EXERCISE GOAL » A faithful copy is needed of the lines below from the one with "Three boxes of" up to and including the one with "T by Talbots"; set it down with no pictures and no other lines.

INPUT MATERIAL »
BEGIN
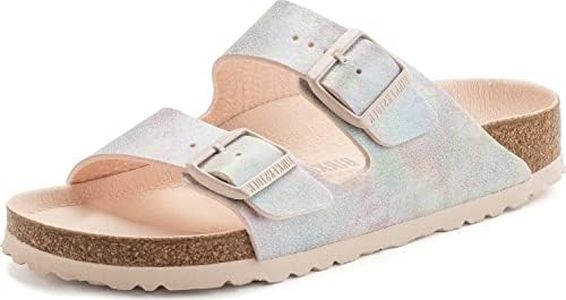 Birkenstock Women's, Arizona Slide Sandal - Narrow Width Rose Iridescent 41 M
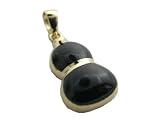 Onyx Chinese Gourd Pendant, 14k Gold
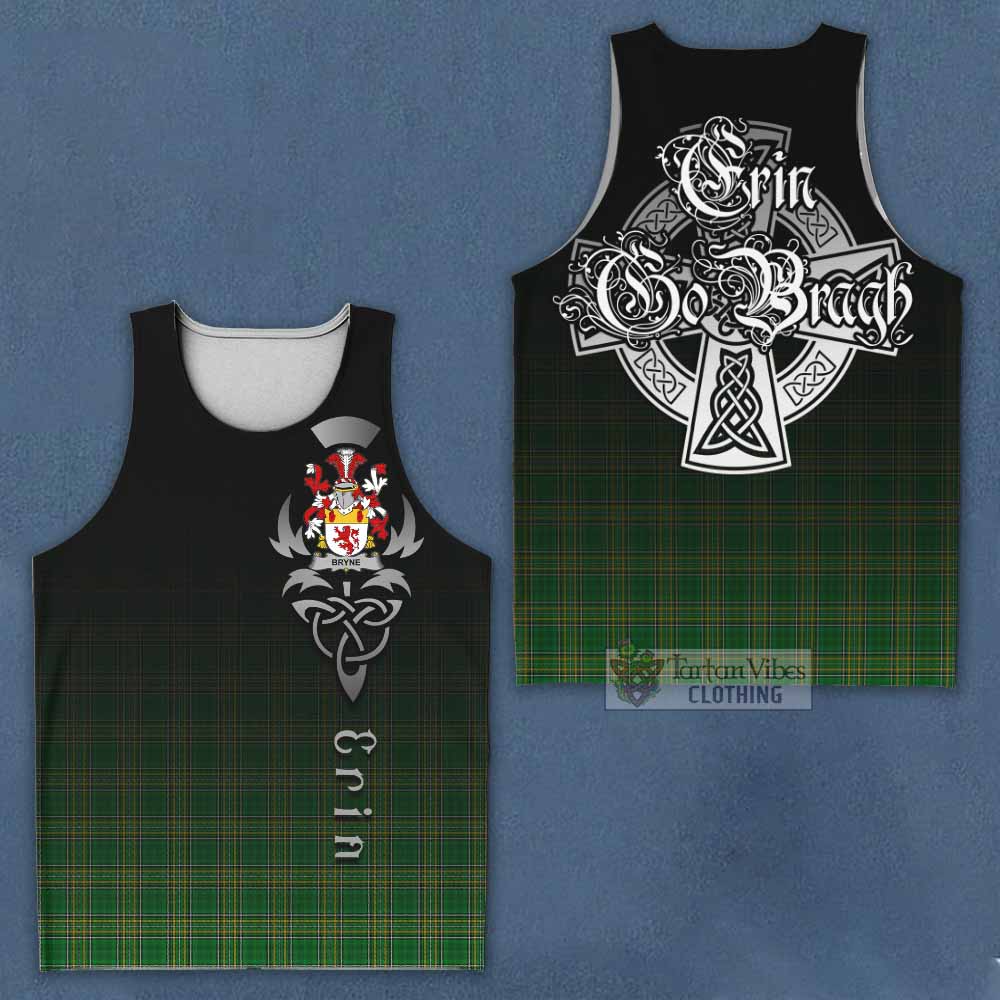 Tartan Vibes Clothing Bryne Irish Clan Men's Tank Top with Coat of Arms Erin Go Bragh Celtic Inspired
END
BEGIN
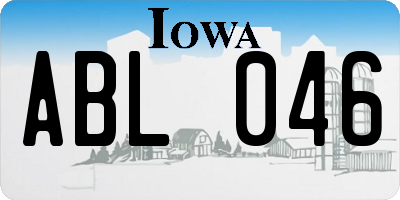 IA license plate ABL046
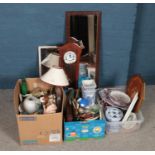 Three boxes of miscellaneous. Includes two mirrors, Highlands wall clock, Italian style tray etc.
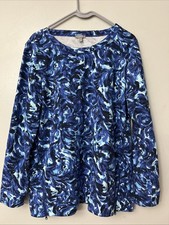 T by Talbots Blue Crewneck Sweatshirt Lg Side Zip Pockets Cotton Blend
END
REPLY »
 Three boxes of miscellaneous. Includes two mirrors, Highlands wall clock, Italian style tray etc.
 T by Talbots Blue Crewneck Sweatshirt Lg Side Zip Pockets Cotton Blend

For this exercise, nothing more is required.